After seeing HBO's Going Clear special, I was hooked, but I had no idea how much more Lawrence Wright's book would terrify and enlighten me. This is incredible journalism, a shattering reveal into the iron-clad secrecy of The Church of Scientology. Wright goes both macro and micro, by discussing the enormous implications of Scientology's church status, giving unhinged director David Miscavige governmental carte blanche, and by examining the very personal ramifications suffered by a few brave former church members - and leaders - who came forward to tell their story. 

He also goes deep into the psychology behind Scientology founder L. Ron Hubbard, publishing excerpts from his disputed (by the church) private diary and providing weighty historical and social context over the decades Scientology has been in action. It's a remarkable read, and has made Wright's 2007 9/11 exposé The Looming Tower a very anticipated follow-up for me.

A HEAD FULL OF GHOSTS
Paul Tremblay, 2015

I reviewed A Head Full of Ghosts here, and it remains one of the most memorable books I read in 2015, as well as one of the scariest books I've read in my lifetime. But Tremblay's Boston-set novel, following a troubled family starring in a hugely popular possession reality show, isn't only terrifying and a perfect literary companion for horror film fans - though it is that, as well. It's poignant, a keen insight into the binding and breaking love between sisters, a love that is as much villain as hero in this sad, beautiful story. 

IN THE HEART OF THE SEA: THE TRAGEDY OF THE WHALESHIP ESSEX
Nathaniel Philbrick, 2001

The best thing Ron Howard's mild whale adventure (reviewed here) did for me is convince me to read Philbrick's book, which tells the story with far more fervor. This isn't just about a Moby Dick-sized white whale attacking a ship, though that story alone would be plenty interesting if told better than Howard's version - this is about the long months that followed, tiny boats in an eternal ocean, months of starvation, dehydration, cannibalism, every possible extreme of exposure and, eventually, madness.

But also heroism! In the Heart of the Sea doesn't exactly have a happy ending, but you'll be happy you read it by the time you get to the end. It's a very quick read, too; if the subject interests you but you don't have much time for reading, put it on your list.

HEART-SHAPED BOX/NOS4A2
Joe Hill, 2009/2013

2015 flies high in my estimation for being the year I finally started reading Joe Hill. As a lifelong King nerd, it took learning that the perfect end of 11/22/63 (reviewed here) was actually Hill's idea. Now that I've read Heart-Shaped Box and NOS4A2, both of which conclude in deeply satisfying poetry, I have no trouble believing it. 

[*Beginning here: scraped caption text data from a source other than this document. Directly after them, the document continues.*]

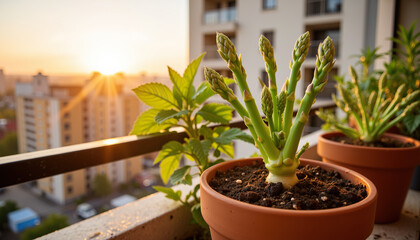 Asparagus sprouts growing on balcony with sunset background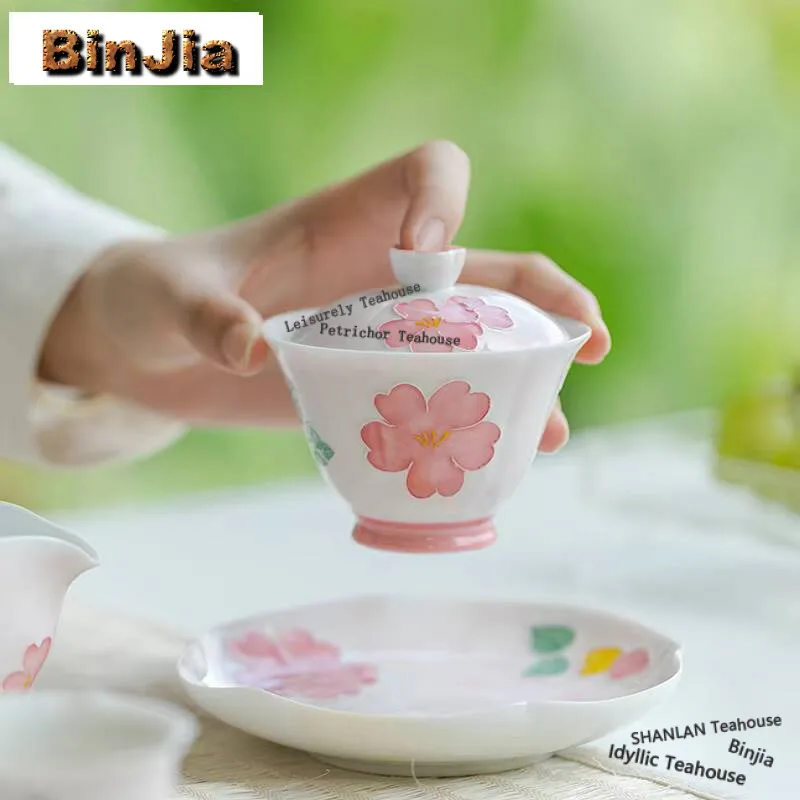 115ml Japanese Arita Porcelain Gaiwan Creative Hand-painted Flower Tea Tureen Tea Brewing Cover Bowl Tea Services Ornaments Gift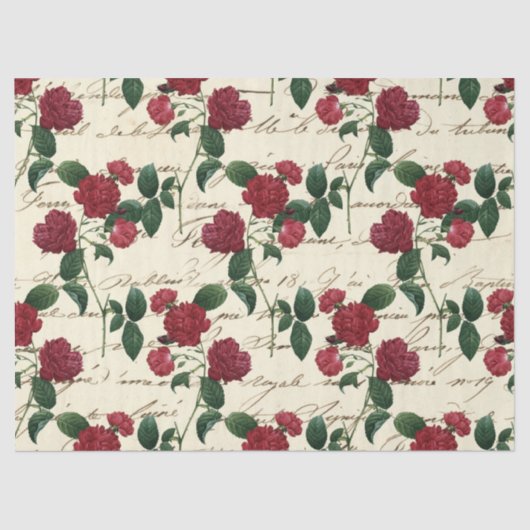 rode bloemen en cursief schrijven op ivoor tissuepapier (Voorkant)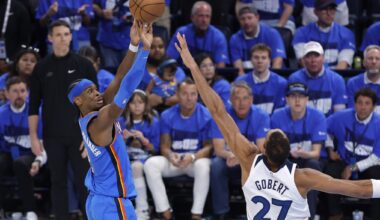 Oklahoma City Thunder guard Shai Gilgeous-Alexander (2) shoots against Minnesota Timberwolves center Rudy Gobert (27) in the fourth quarter during game two of the western conference finals for the 2025 NBA Playoffs at Paycom Center.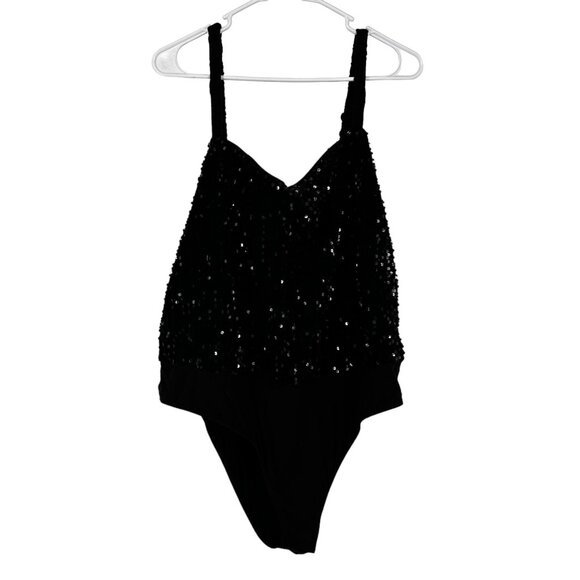 Shein Curve Sequin Cami Bodysuit 4XL Sparkly Black Onesie Women's - Picture 1 of 9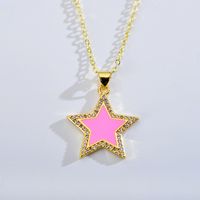 Elegant Shiny Star Steel Enamel Inlay Zircon Pendant Necklace main image 6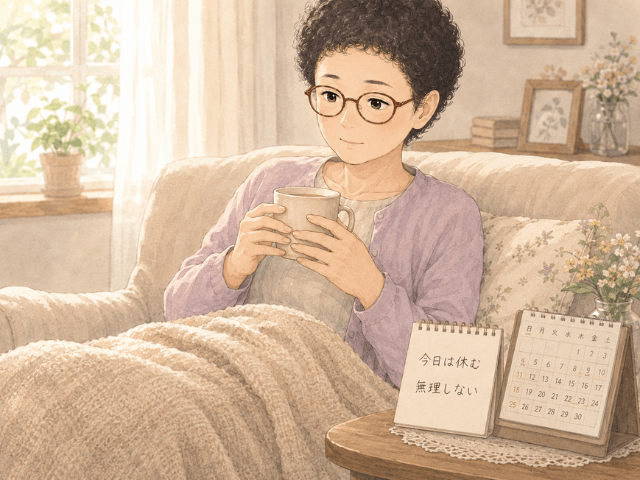 乳がん手術後の女性が、ソファで温かい飲み物を持ちながら休んでいるイラスト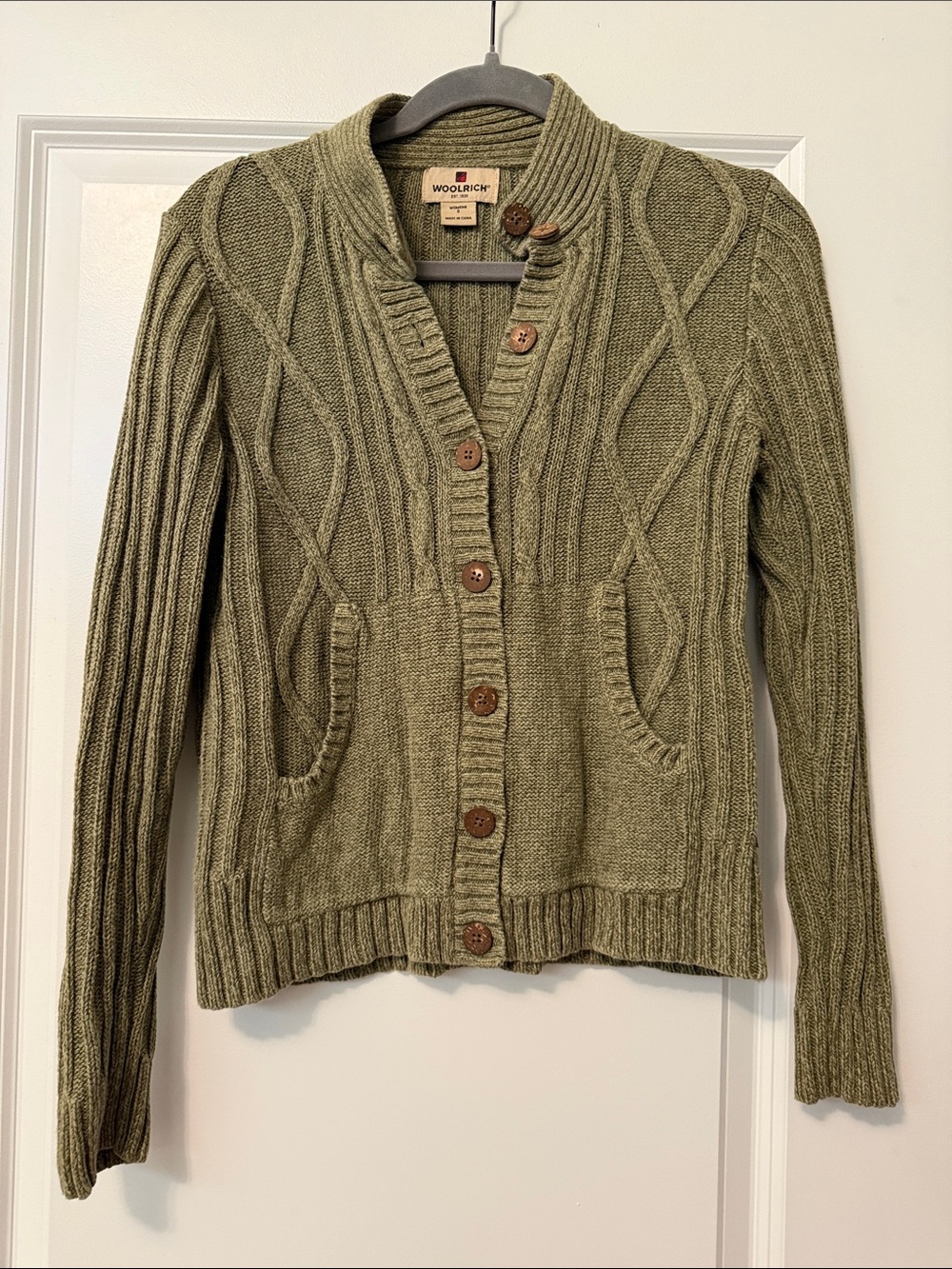 Woolrich Olive Cable-Knit Button-Up Cardigan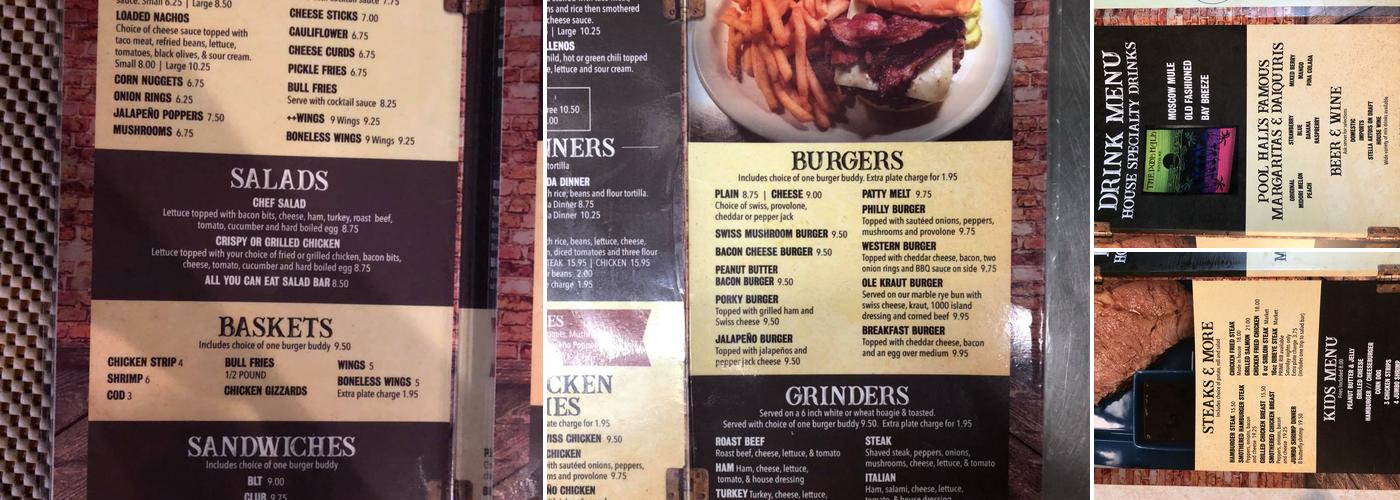 Eustis Pool Hall Menu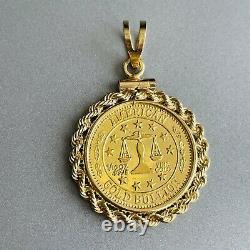 24K Fine Gold American Bullion 1/10 Oz & 14k Coin Bezel Rope Pendant Necklace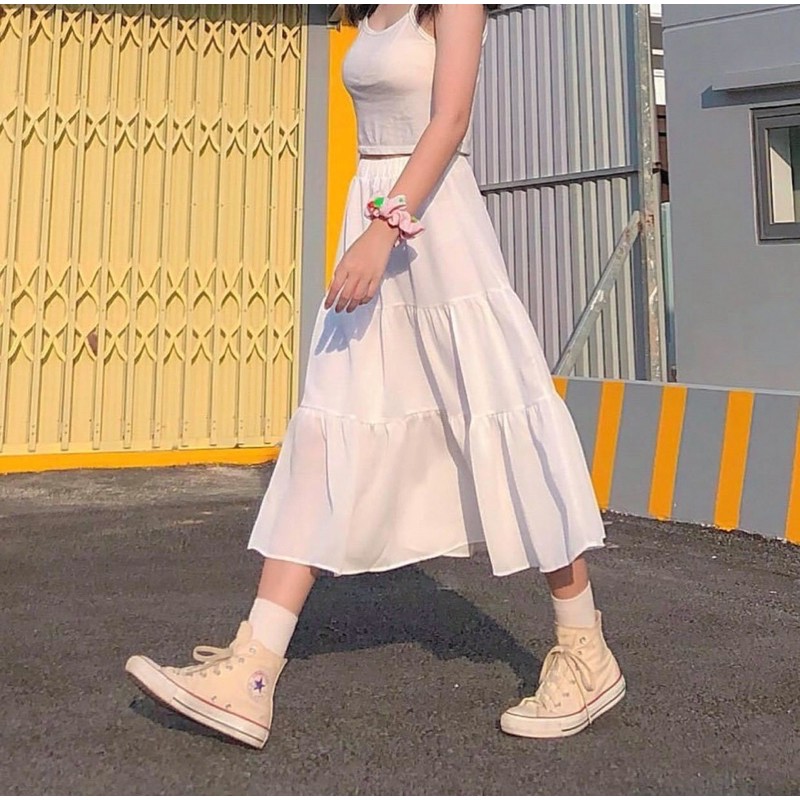Chân Váy Vintage Nữ  Chân váy Dài Nữ 2 Lớp Voan, 3 Tầng Dáng Dài Ulzzang Siêu Xinh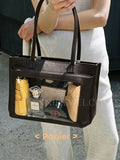 Genuine Leather Work Tote Bag With Leather Trim Clear Display Window Front Pocket Bag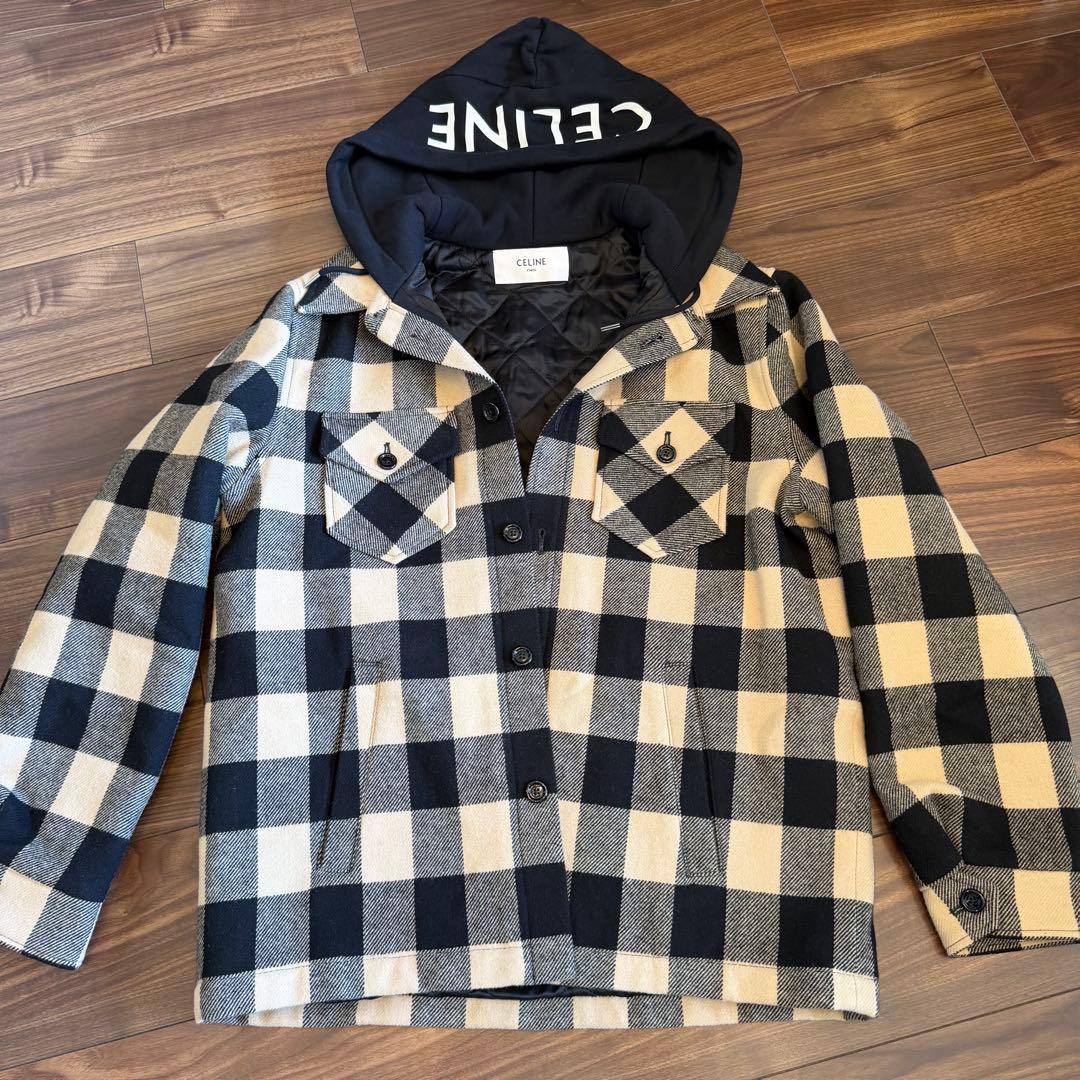 CELINE ウール ロゴフード付きチェックジャケット 2W68A055Z セリーヌ 24AW ウール ロゴフード付き チェック オーバーサイズシャツ
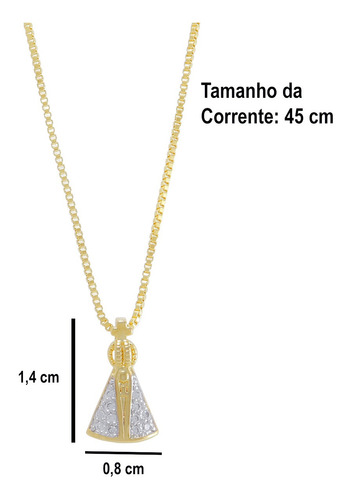 Imagem 6 de 7 de Colar Cordão Com Pingente De Nossa Senhora Aparecida Pequeno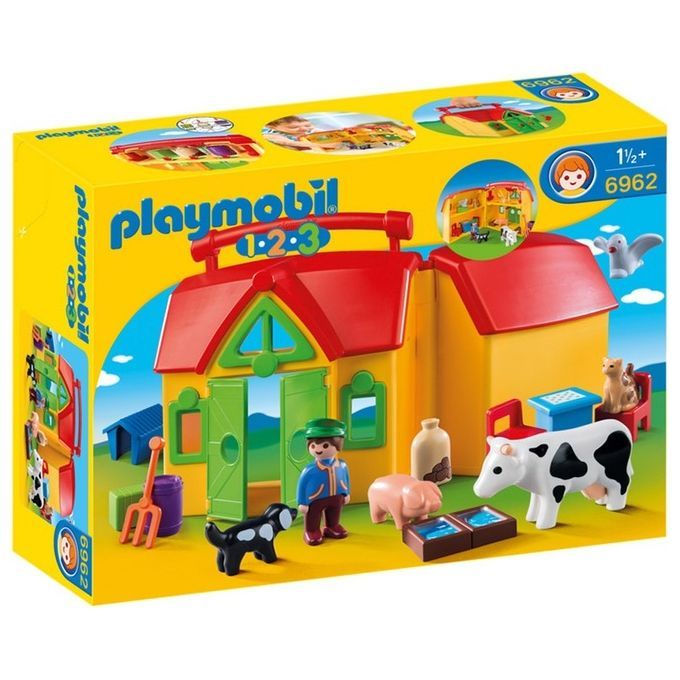 Playmobil Fattoria Portatile 1.2.3. Confezione gialla con manico rosso, raffigurante una casa gialla con tetto rosso e porte verdi. Include personaggi e animali: mucca, maiale, cane, contadino. Età consigliata: 1 anno e mezzo +. Include accessori.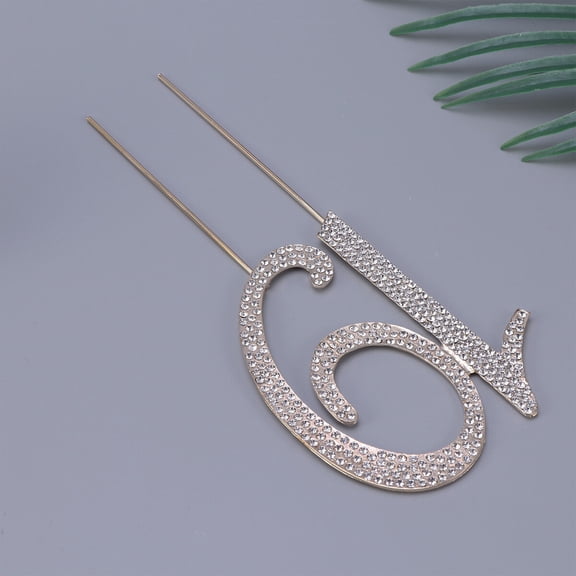 Minkissy Elegant Reusable Alloy Cake Topper with Rhinestones for Birthday or Anniversary Parties Golden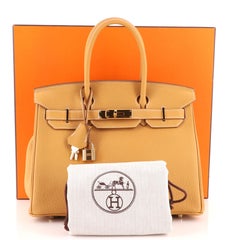 Hermes Birkin Handbag Moutarde Togo With Gold Hardware 30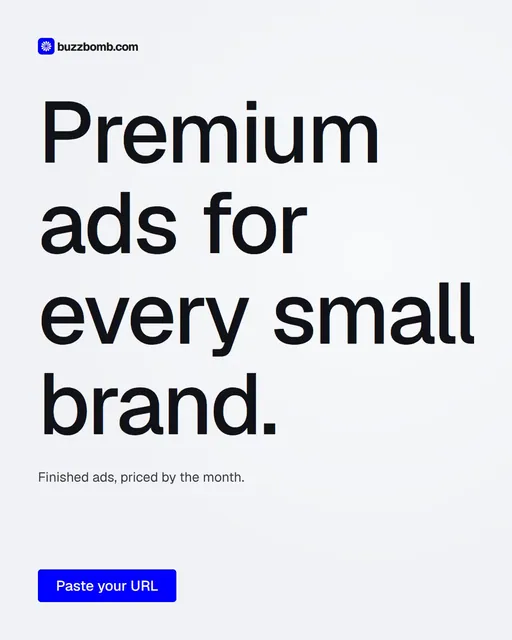 Video for BuzzBomb: "Premium ads for every small brand.". Doc motion loop, 7.0 s, light palette.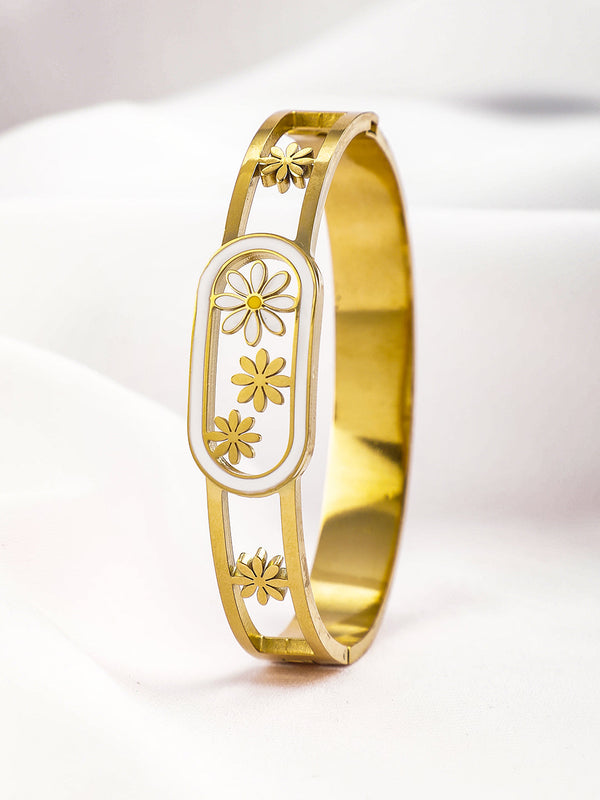 18KT Gold-Plated Stainless Steel Tarnish-Free Waterproof Floral Bangle-Style Bracelet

Heart-Shaped Box follows fading death rock star Jude Coyne as he is relentlessly haunted by the malevolent spirit of an old man, the father of a former love of Jude's. The book is truly frightening and pretty merciless, but it's also incredibly lovely, because Jude's journey is so grand and human. NOS4A2 is about Victoria McQueen, an artist with a damaging history and a secret - and supernatural - knack for finding lost things. It's a book about trauma, surviving it and turning it into something powerful. I'd be hard-pressed to tell you which I prefer, but I know I'm ready to throw Horns into the mix very soon.

THE ROYAL WE
Heather Cocks and Jessica Morgan, 2015

Let's end on a bit more fluff, as The Fug Girls bring their bright, irreverent (but never mean-spirited) humor to an alternate version of Wills and Kate's royal love story. The book spans a decade and has a fair amount more heart and wisdom than that fluffy premise indicates, and it makes for a fun, fictionalized insight into what it must be like to marry the crown of England.

Currently reading: David Mitchell’s The Bone Clocks, 2015.

On my most immediate to be read pile: Lawrence Wright’s The Looming Tower (2007), Joe Hill’s Horns (2011), the rest of the Fletch series, Harper Lee’s Go Set A Watchman (2015) and Rainbow Rowell’s Carry On (2015).